HAS AİLESİYLE BU SERGİYİ HEP BERABER YAPTIK
Bazen buradan gelip geçerken sizi görüyorum. Yaptığınız işe o kadar odaklanıyorsunuz ve bu çalışmayı severek yaptığınız o kadar belli ki... Merakımdan soruyorum, sahi bu kadar severek çalışmanızın özel bir nedeni var mı?
- Severek çalışmamım sebepleri arasında pek çok yön var. Birincisi, kurum olarak burasının tarihiyle birlikte çok önemli olması ve bugüne kadar gelmesi. İkinci olarak, Kadir Has’ın ve Has Ailesi’nin Türkiye Sanayi tarihinde yerinin çok önemli olması. Daha sonra yaptıkları yardımlar ve kurulan yapı da çok önemli. Bunları değerlendirirken ve okurken aslında zaman öyle bir geçti ki; tüm bu süreçte Has ailesinin ve Rektör Prof. Dr. Mustafa Aydın’ın da katkısıyla aslında bu sergiyi hep beraber yaptık diyebilirim.
Sergide genel olarak hangi malzemeleri kullanıyorsunuz?
- Sergide çok değişik parçalar var. İlk baştan başlarsam, 1800’lerden kalma eski sigara kutuları var. Sigara kutuları üzerinden inanılmaz okumalar yapabiliyoruz. Mesela Has ailesi Kayserili, Kayseri sigara paketleri o yüzden burada. Bu sigara paketlerini bulmak, serginin okunabilirliği açısından çok verimli oldu. Aynı zamanda, paketleri açıklamam gerekirse; yakın bir grafiker arkadaşımın tezinden okuduğum üzere sigara zaferin simgesi, dolayısıyla ben buraya bu paketleri her bir bölüme dağıtarak bu hikayeyi bağlamak istedim. Onun dışında mesela eski Coca Gola şişeleri var, 1964’de Coca Cola’yı Türkiye’ye Kadir Has getiriyor. Coca Cola’nın formülüyse 1886’da bulunuyor. 1884’de Cibali Tütün Fabrikası kuruluyor. Bunlar aslında eş zamanlarda dünyanın farklı yerlerinde oları olaylar, nasıl burada birleştirebiliriz, diyerek topladığımız parçalar. Başka değişik malzemeler de var: Mesela Mercedes marka maket otobüslerimiz var. Bunları sağ olsun Has ailesi verdi. Arka bölümlerde Kadir Has’a verilen devlet nişanının bir örneği var. Aynı zamanda Kadir Has’ın anı defterini de sergiye koydum. İlk baştaki bölümde ikinci sayısı yayımlanan Cibali Postası gazetesini de sergiye yerleştirdim.

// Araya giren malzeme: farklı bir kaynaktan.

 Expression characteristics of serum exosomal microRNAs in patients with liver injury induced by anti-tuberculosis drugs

“POLİTİKA BENİM İÇİN FUTBOL TAKIMI TUTMAK GİBİDİR.”
Sergi içerisinde Türkiye yakın tarihinin siyasi olaylarından kesitler sunan bir bölüm de olduğunu biliyorum. Bu bölümde ne gibi parçalar sergiliyorsunuz?

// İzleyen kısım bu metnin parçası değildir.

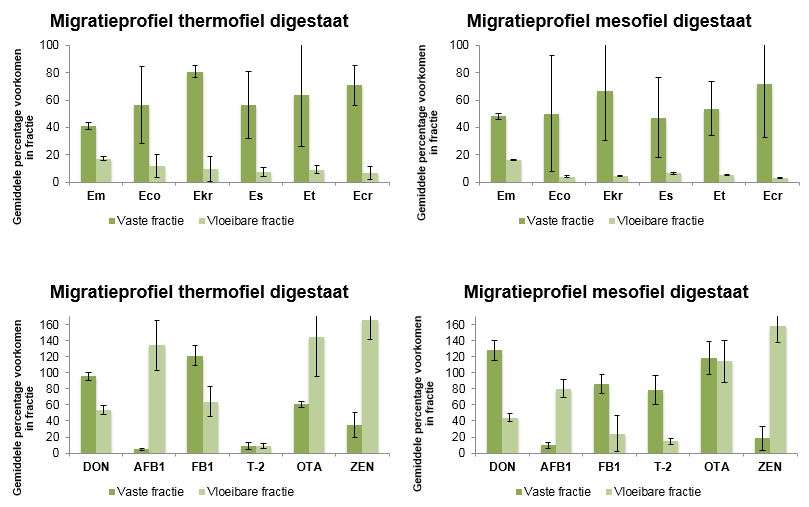 Figuur 11: Migratieprofielen van mycotoxinen naar de vaste en vloeibare fase.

- Eski gazeteler var; 27 Mayıs 1960 darbesinden bir gün önceki 26 Mayıs tarihli gazeteyi yerleştirdim. Sergide yakın tarihe ilişkin benim için dumanlı bir bölüm var: Darbe bölümü. Bu arada, 26 Mayıs tarihli gazetenin sergide olması benim için çok önemli, diğer gazeteleri de koydum ama, olaylar bir günde nasıl değişmiş, bu 26 Mayıs tarihli gazeteden rahatlıkla görebiliyoruz. Aynı zamanda bir takım parti isimlerini de DP’yi ve AP’i burada çok görüyoruz ve ayrıca kimi siyasetçileri de. Kadir Has’ın çok güzel bir sözü var burada belirtmek istiyorum: “Politika benim için futbol takımı tutmak gibidir.” Bu arada, soruyla pek ilgisi olmasa bile şu anektodu da belirtmek istiyorum: Kayseri’de Kadir Has Stadyumu yapılıyor. Ve ilk maç Kayserispor ile Fenerbahçe arasında oynanıyor. Başlama vuruşunu yapan Başbakan Recep Tayyip Erdoğan. Kayserispor yeniliyor ama olsun, bunların hepsi güzel bağlantıları açığa çıkartıyor.
Duvarda yazdığınız cümlelerle tam olarak neyi amaçladınız?
- Bu yazıların hepsi birer alıntı. Mesela, ‘burası fabrika, burada hiç kimse ayrı değil,’ Orhan Kemal’in bir romanından bu duvara aktarıldı. Çulluk romanından aldığım, “Çulluk Ölmüştü” cümlesi de yine bu duvara yazdıklarım arasından. Kuvayi Milliye Destanı’ndan bir şiiri de buraya almayı uygun gördüm.
Duvardaki yazılar serginin bir özeti gibi öyle değil mi?
- Aynen öyle. Bütün hikayenin teması burada oluşsun, ondan sonra da ara ara böyle birkaç cümle atıyorum ki sergi daha da okunur hale gelsin.